From a 2014 interview with Simon Kinberg by Steve Weintraub for Collider on X-Men: Days of Future Past:

KINBERG: Yeah. One of the things, and this is an idea that came out of my work with Matthew Vaughn was, we didn’t want to do what most sequels do, which is pick up a day after or a month, or even a year after the last movie. We wanted to give it a big breadth of time so that you would meet these characters in some ways for the first time again, so we set the movie 10 years later than First Class ended and in doing that, part of my responsibility as the writer was creating a timeline so we can do exactly as you said, just give the actors a sense of who they’ve become and how they got there over the span of the 10 years we haven’t seen. And there’s a monologue in the movie that Hank has that Nick has, where he tells Wolverine essentially what happened. Wolverine comes to the mansion, he meets this broken, disheveled Charles Xavier and he says, “What happened to the Professor?” And Nick tells him what happened. “We started a school, it fell apart, he fell apart…” And all the things that happened over the last 10 years.

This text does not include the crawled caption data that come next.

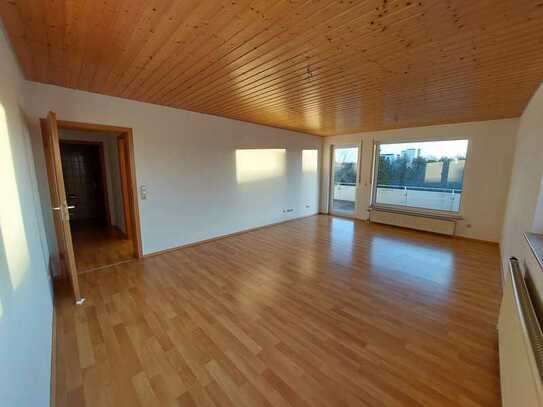 4-Zimmer-Wohnung mit Terrasse in Marbach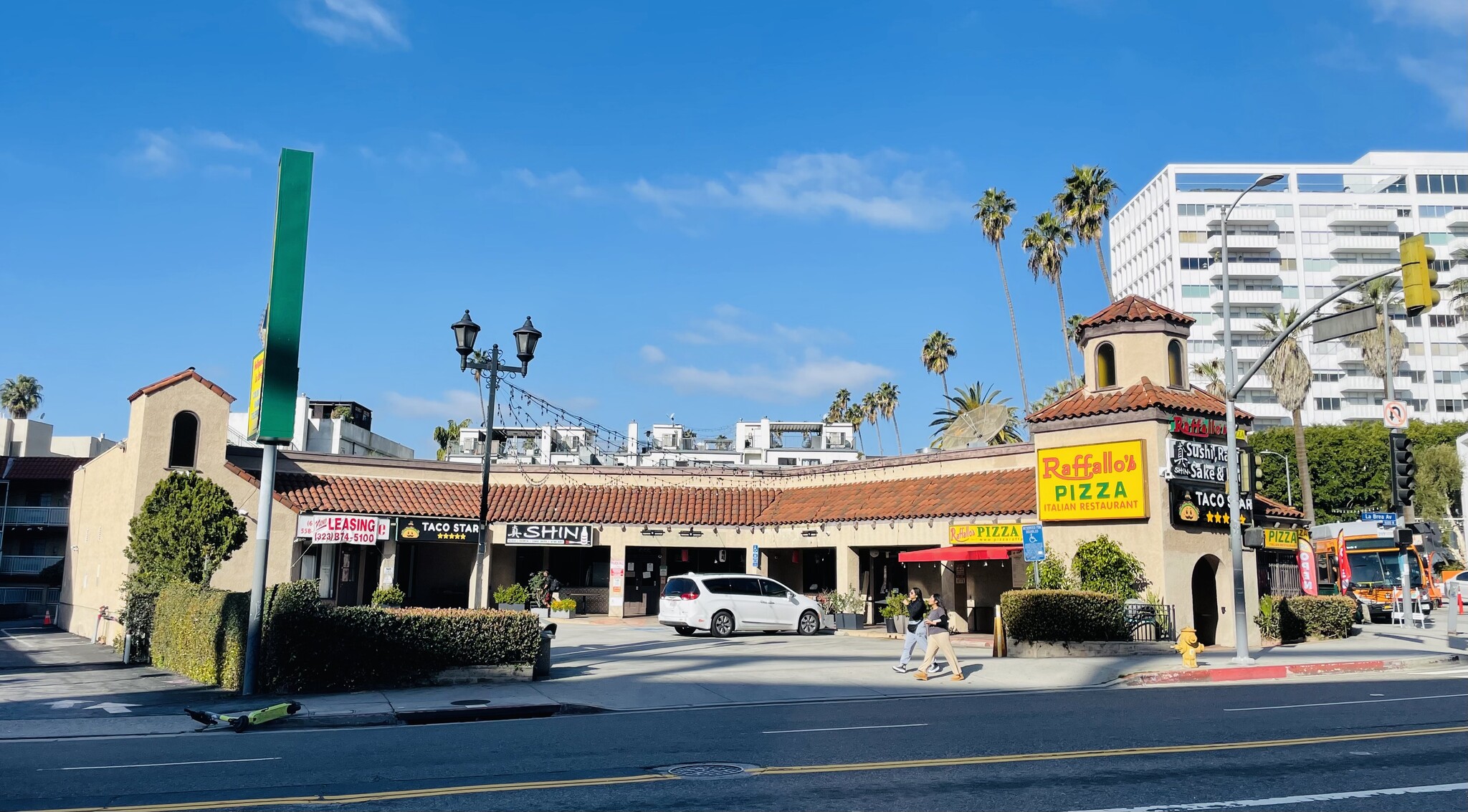 1651-1657 N La Brea Ave, Los Angeles, CA à louer Photo principale– Image 1 sur 9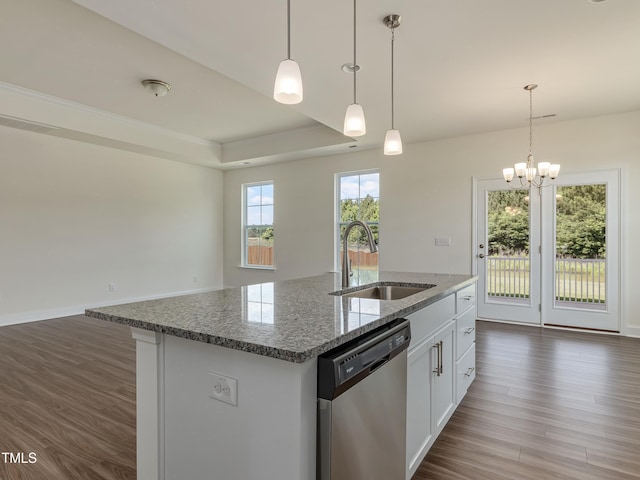 kitchen featuring a sink, a center island with sink, open floor plan, stainless steel dishwasher, and dark wood-style floors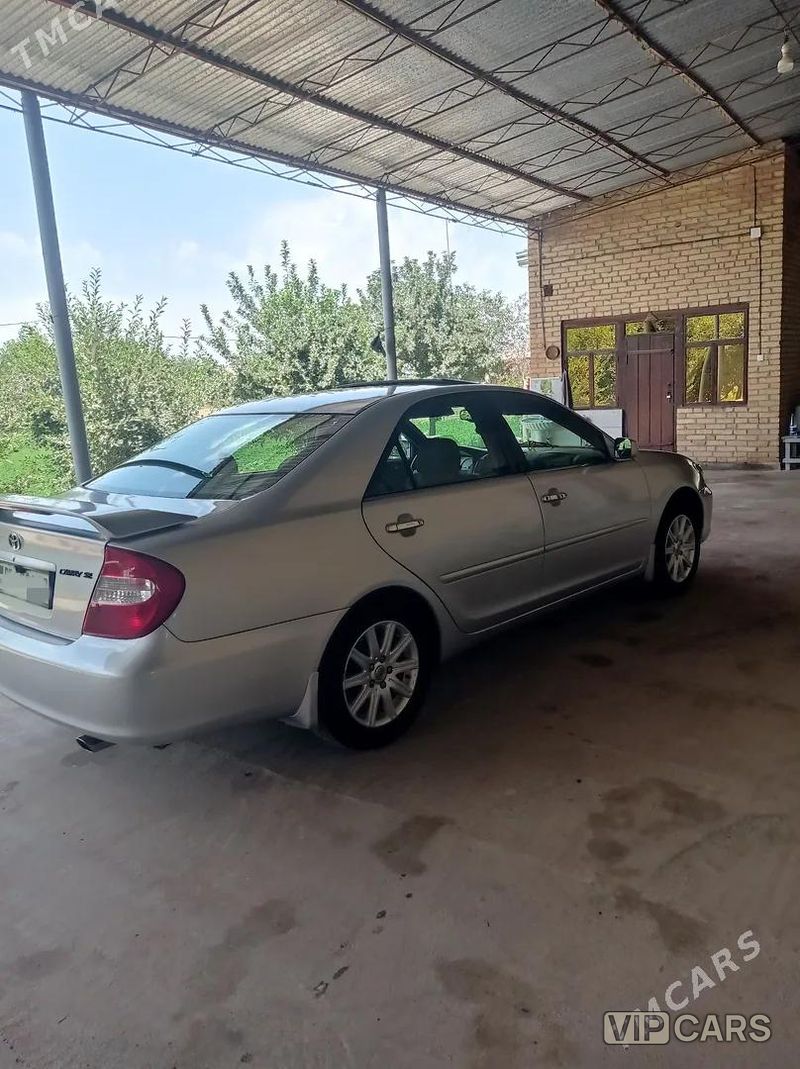Toyota Camry, 2002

Since you mention the aging meme, Kinberg was asked about the aging in an interview on X-Men: Dark Phoenix with SyFyWire:

It's rationalization. Regarding Mystique, she can just make herself look younger, so essentially ageless. About the others:

But for all the other characters, Michael Fassbender, James McAvoy, Nicholas Hoult, going back to First Class, they certainly have not aged 30 years since we started making those movies 10 years ago," he acknowledges. "And the way that we sort of rationalized it, and it is a rationalization for sure, was that they aged a little differently because they're mutants, and we hoped that the audience would go with that. And so far that's not been a problem for the audience.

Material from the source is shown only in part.